[Opening Dataset section section]

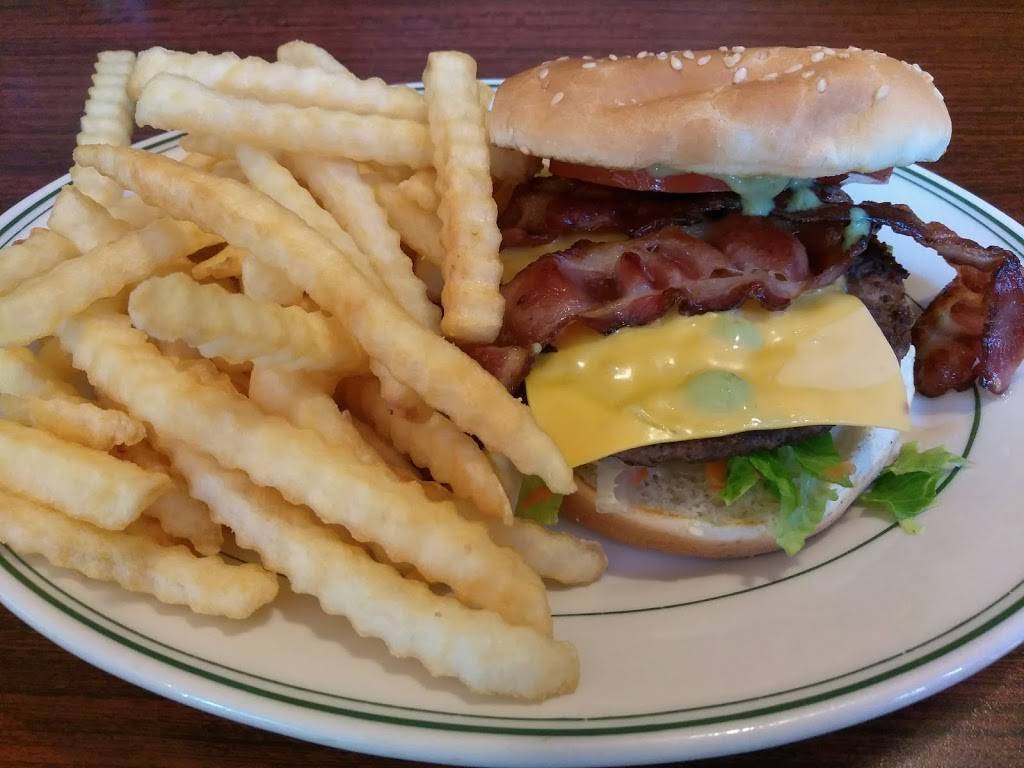 Water Mountain Restaurant | restaurant | 1397 S Water St, Silverton, OR 97381, USA | 5038736089 OR +1 503-873-6089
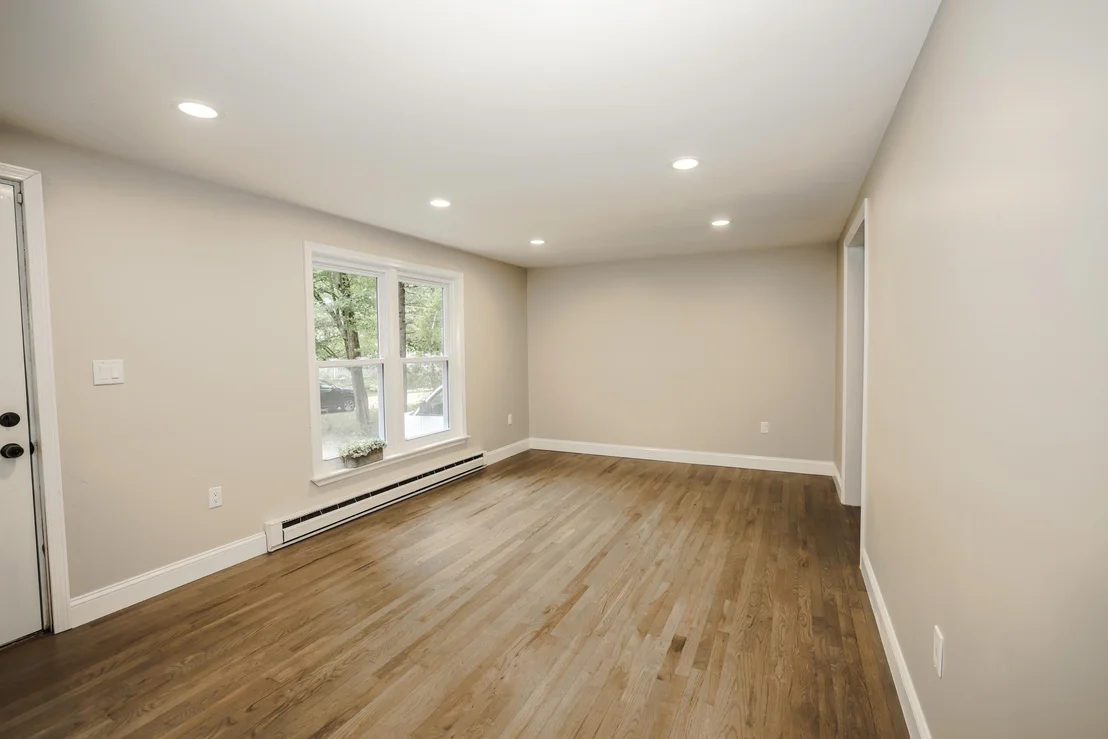 Photo of 33 North Shore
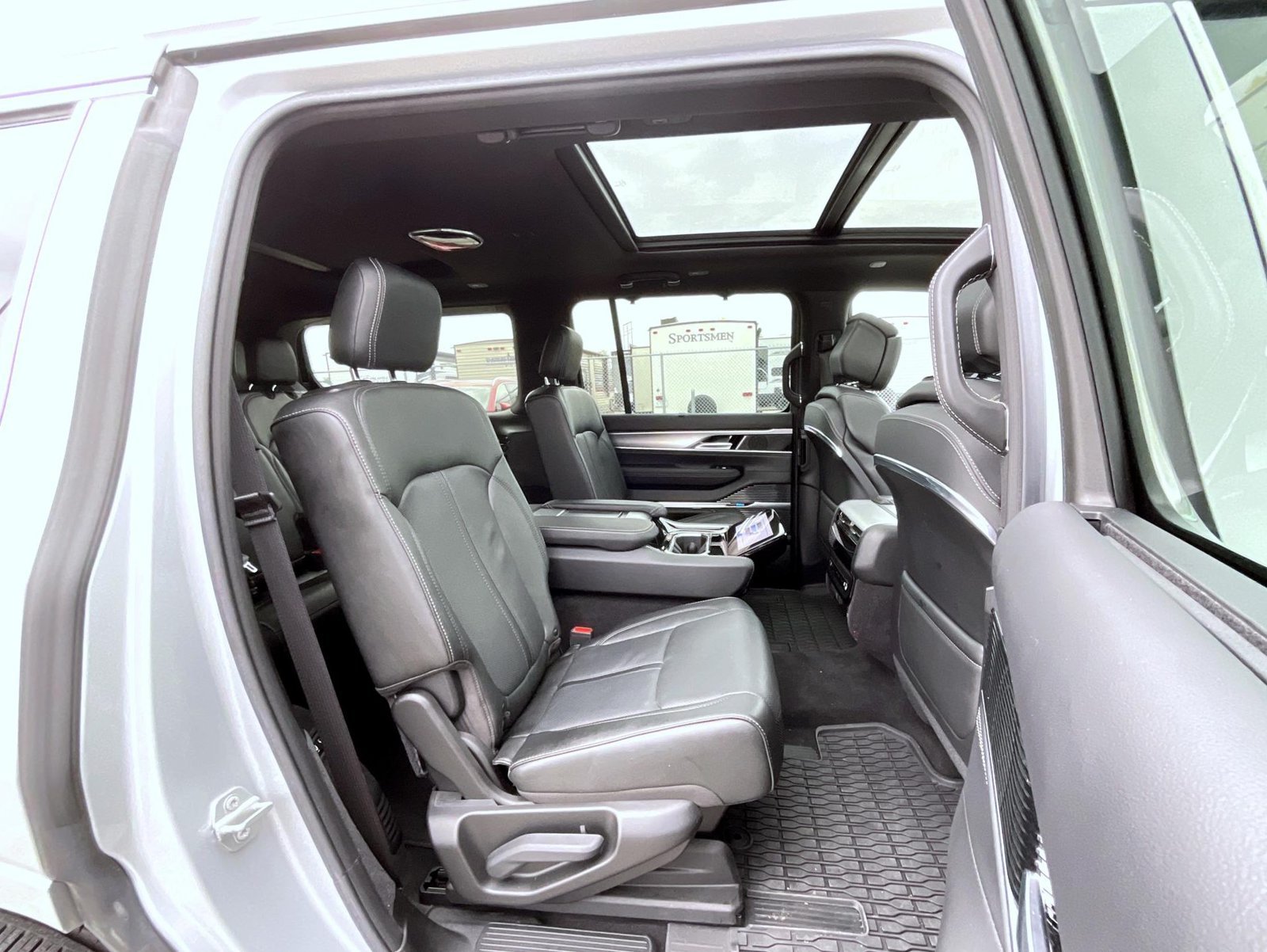 Used 2023 Silver Jeep Base image 18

[Closing Dataset section section]

Work instruction:
The result should be a verbatim copy of the data, free of pictures.

Answer area:
 Water Mountain Restaurant | restaurant | 1397 S Water St, Silverton, OR 97381, USA | 5038736089 OR +1 503-873-6089
 Photo of 33 North Shore
 Used 2023 Silver Jeep Base image 18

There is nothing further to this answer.